"İçtihat Metni"
MAHKEMESİ : İstanbul Bölge Adliye Mahkemesi 6. Hukuk Dairesi
KARAR : Esastan Ret
İLK DERECE MAHKEMESİ : Kandıra Asliye Hukuk Mahkemesi
Taraflar arasındaki tapu iptal ve tescil davasından dolayı yapılan yargılama sonunda davanın reddine karar verilmiştir.
Kararın davacı tarafından istinaf edilmesi üzerine, Bölge Adliye Mahkemesince istinaf başvurusunun esastan reddine karar verilmiştir.

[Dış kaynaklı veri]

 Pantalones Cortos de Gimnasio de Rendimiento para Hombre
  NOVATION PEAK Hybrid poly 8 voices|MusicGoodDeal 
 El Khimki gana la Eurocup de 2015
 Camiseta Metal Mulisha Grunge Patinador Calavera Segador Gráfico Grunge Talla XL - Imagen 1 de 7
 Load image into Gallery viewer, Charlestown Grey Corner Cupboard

Bölge Adliye Mahkemesi kararı davacı vekili tarafından temyiz edilmekle; kesinlik, süre, temyiz şartı ve diğer usul eksiklikleri yönünden yapılan ön inceleme sonucunda, temyiz dilekçesinin kabulüne karar verildikten ve Tetkik Hâkimi tarafından hazırlanan rapor dinlendikten sonra dosyadaki belgeler incelenip gereği düşünüldü:
I. DAVA
Davacı, kadastro çalışmaları sırasında ... köyü 117 ada 104 ve 225 parseller ile 107 ada 8 parsel sayılı taşınmazın adına tapuya kayıt ve tescil edildiğini, bu taşınmazların komşu parselleri olan 117 ada 54 parsel ve 107 ada 7 parsel sayılı taşınmazın davalılardan ... adına, 117 ada 224 parsel sayılı taşınmazın davalılardan ... ... adına, 117 ada 87 parsel sayılı taşınmazın davalılardan ... adına tapuya kayıt ve tescil edildiğini, bu taşınmazlardan 117 ada 224, 225, 104, 54 ve 87 parsel sayılı taşınmazların babaları ...'in babası muris ... ...'tan, 107 ada 7 ve 8 parsel sayılı taşınmazların ise anneleri ... ...'tan intikal ettiğini, bu taşınmazların her iki murisin de sağlığında çocukları olan davacı ile diğer kardeşleri arasında paylaştırıldığını, kadastro çalışmaları sırasında davalı ...'in taşınmazların taksimini yanlış yaptırdığını bildirerek, dava konusu taşınmazlardan 117 ada 224 parselin 495,50 m2'lik kısmının, 117 ada 54 parselin 331 m2'lik kısmının, 117 ada 7 parselin 604 m2'lik kısmının, 117 ada 87 parselin 948,35 m2'lik kısmına ilişkin tapu kaydının iptali ile adına tapuya kayıt ve tescilini istemiş, yargılama aşamasında 15/02/2017 tarihli celsede; açılan davanın ... köyü 117 ada 224 parsel ve 117 ada 87 parsel sayılı taşınmazlar yönünden tefrikine karar verilerek 2017/103 Esasına kaydedilmiştir.
II. CEVAP
Davalı, davanın zamanaşımına uğradıktan sonra açıldığını, müşterek murislerin sağlıklarında taşınmazları davacı ve davalılar arasında paylaştırdıklarını, kadastronun bu paylaşıma göre yapıldığını, bu paylaşımdan sonra taşınmazları bilfiil kullandığını, davacının iddialarının gerçeği yansıtmadığını belirterek davanın reddini savunmuştur.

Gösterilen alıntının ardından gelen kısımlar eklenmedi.